**YOUR INSTRUCTIONS**
Could you give back exactly the lines below from the one with "hand drawn black" through the one with "Black yellow Cycling", without a single picture?

**EXERCISE MATERIAL**

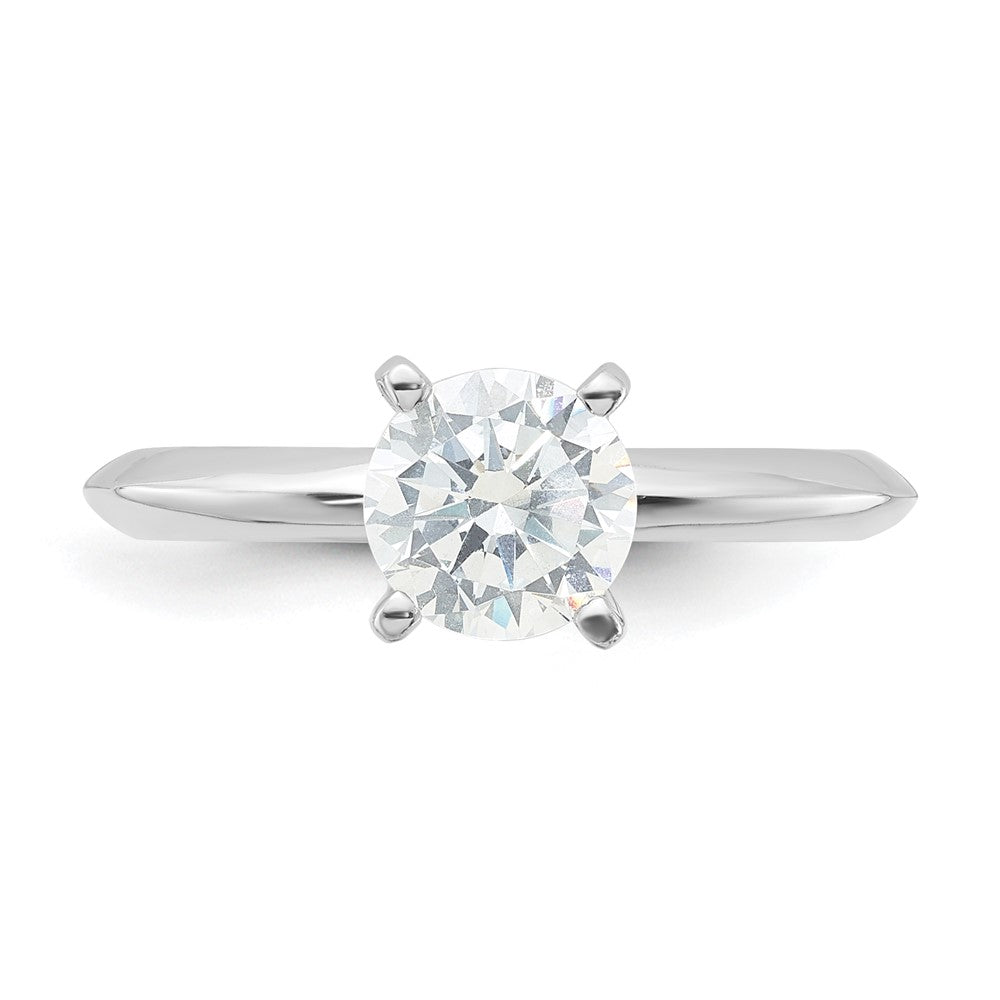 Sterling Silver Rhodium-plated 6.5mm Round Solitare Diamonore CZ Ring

* * *

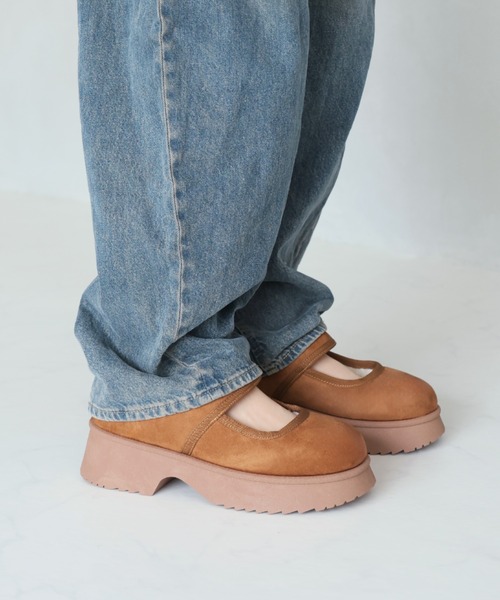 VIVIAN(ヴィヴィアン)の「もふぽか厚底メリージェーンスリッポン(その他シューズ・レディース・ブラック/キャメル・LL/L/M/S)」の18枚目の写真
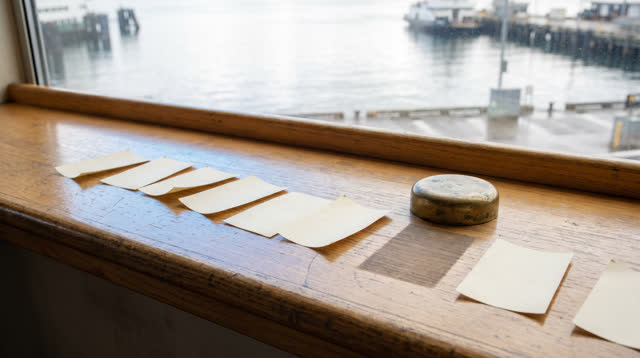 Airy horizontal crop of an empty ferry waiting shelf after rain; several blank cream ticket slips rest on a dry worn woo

---

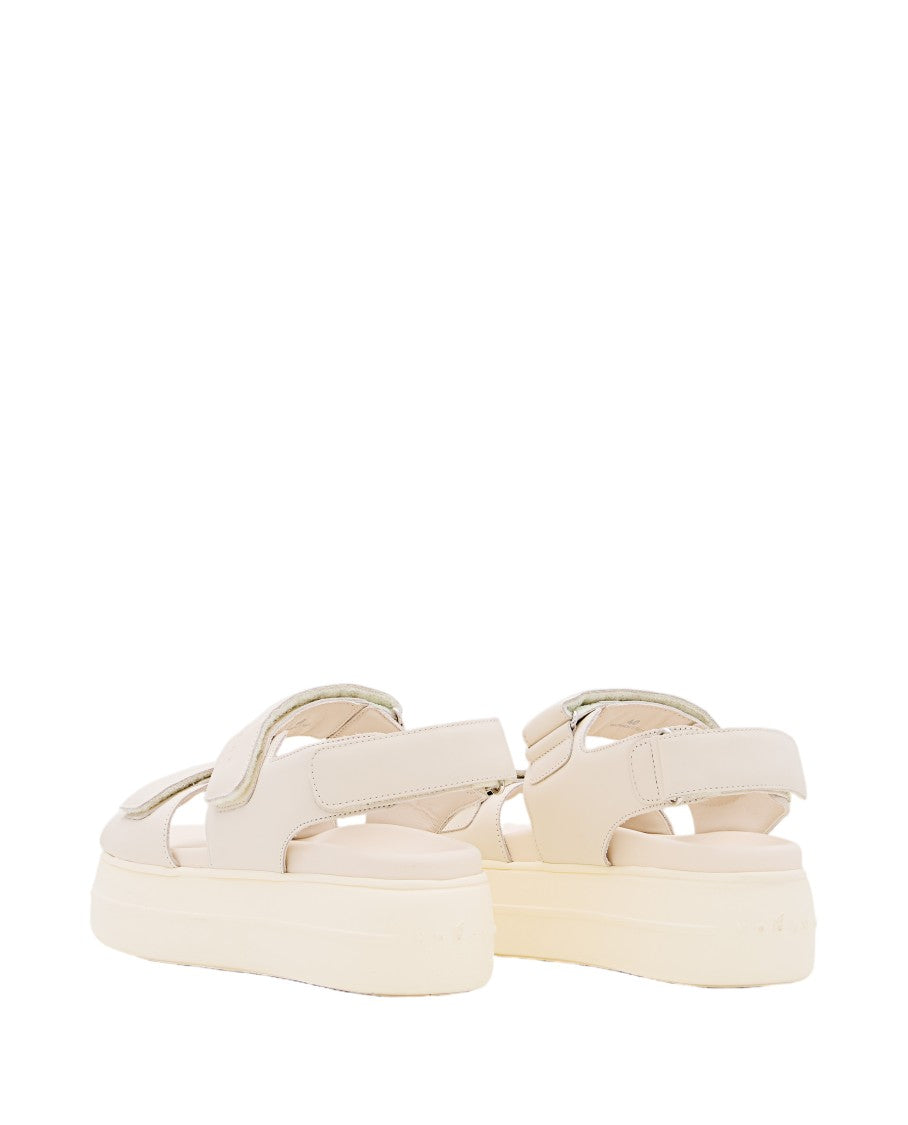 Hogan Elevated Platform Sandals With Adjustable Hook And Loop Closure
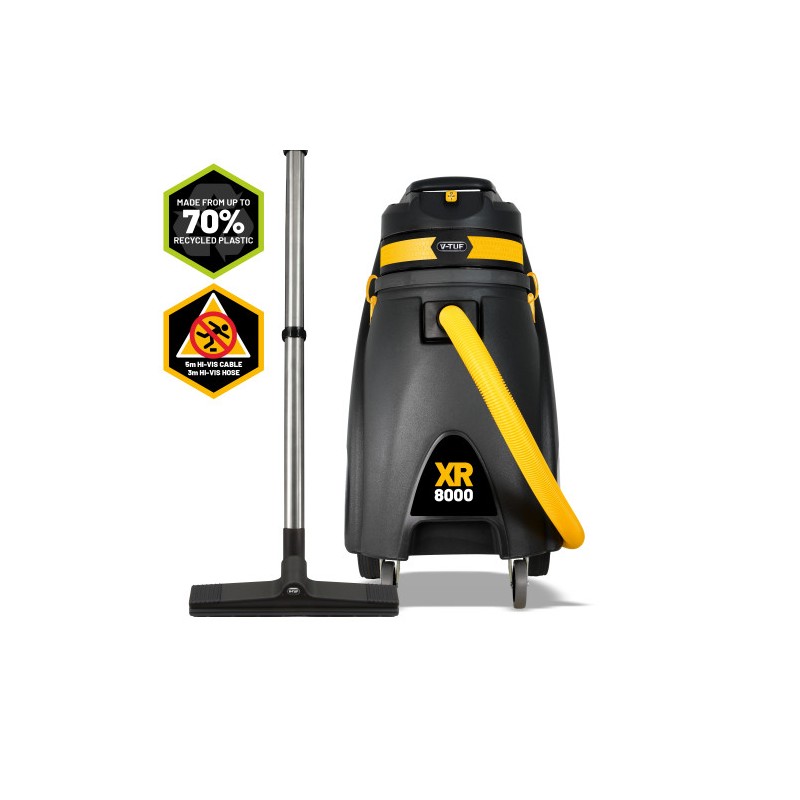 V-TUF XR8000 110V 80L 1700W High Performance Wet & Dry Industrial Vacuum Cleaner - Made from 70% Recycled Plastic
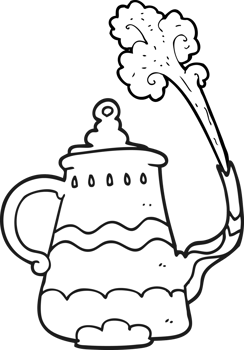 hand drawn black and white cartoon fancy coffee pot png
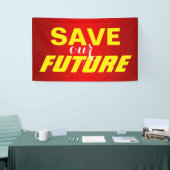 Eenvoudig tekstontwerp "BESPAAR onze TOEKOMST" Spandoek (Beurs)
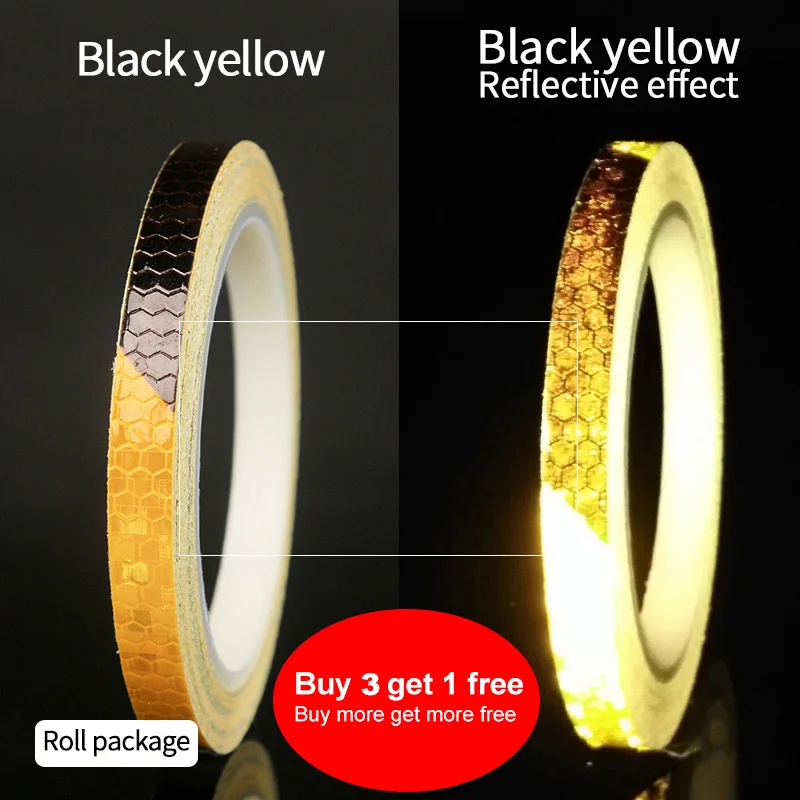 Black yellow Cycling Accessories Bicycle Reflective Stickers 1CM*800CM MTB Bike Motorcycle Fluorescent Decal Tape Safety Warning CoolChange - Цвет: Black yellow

**COMPLETED TASK**
 hand drawn black and white cartoon fancy coffee pot png
 Eenvoudig tekstontwerp "BESPAAR onze TOEKOMST" Spandoek (Beurs)
 Black yellow Cycling Accessories Bicycle Reflective Stickers 1CM*800CM MTB Bike Motorcycle Fluorescent Decal Tape Safety Warning CoolChange - Цвет: Black yellow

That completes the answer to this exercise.